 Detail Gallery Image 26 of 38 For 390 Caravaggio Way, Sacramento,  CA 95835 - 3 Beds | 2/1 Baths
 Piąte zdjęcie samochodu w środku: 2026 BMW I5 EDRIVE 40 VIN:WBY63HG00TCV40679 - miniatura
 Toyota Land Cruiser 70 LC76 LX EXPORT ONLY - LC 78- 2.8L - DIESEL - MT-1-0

==

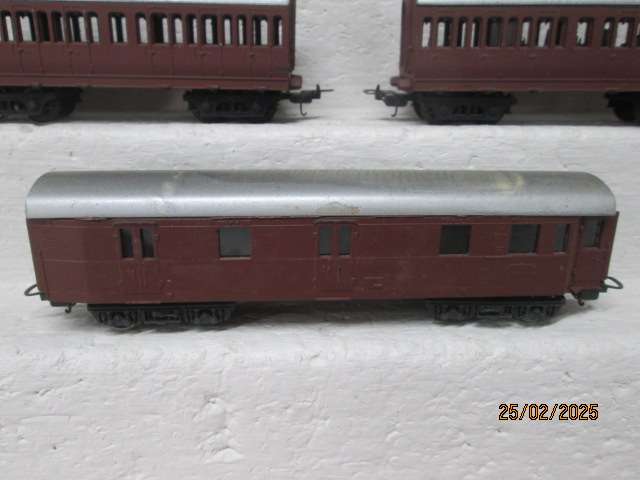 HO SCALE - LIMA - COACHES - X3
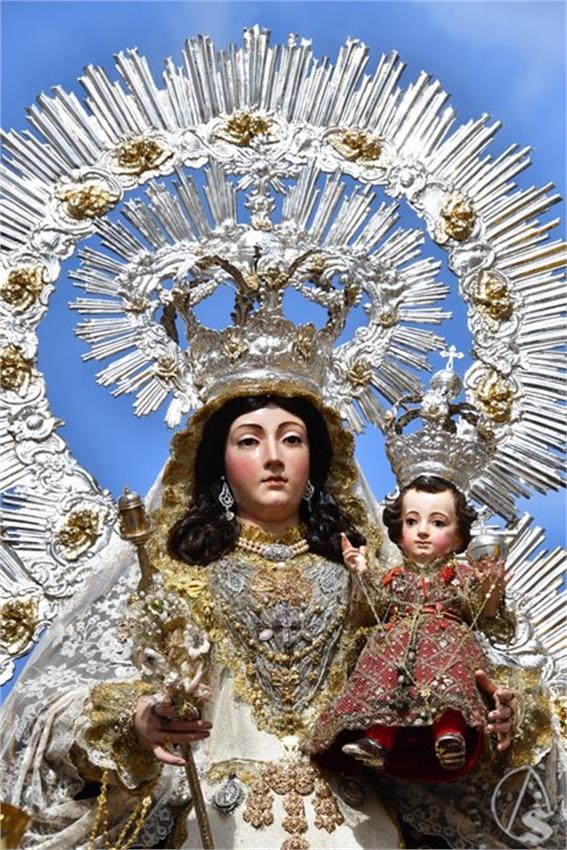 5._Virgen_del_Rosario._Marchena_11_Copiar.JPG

▶ **ABOUT THIS TASK**:
Reproduce, word for word, everything in the listing above from the line containing "HO SCALE - LIMA - COACHES - X3" down to the line containing "5._Virgen_del_Rosario._Marchena_11_Copiar.JPG", both of them included. No pictures.

▶ **TASK RESULT**:
 HO SCALE - LIMA - COACHES - X3
 5._Virgen_del_Rosario._Marchena_11_Copiar.JPG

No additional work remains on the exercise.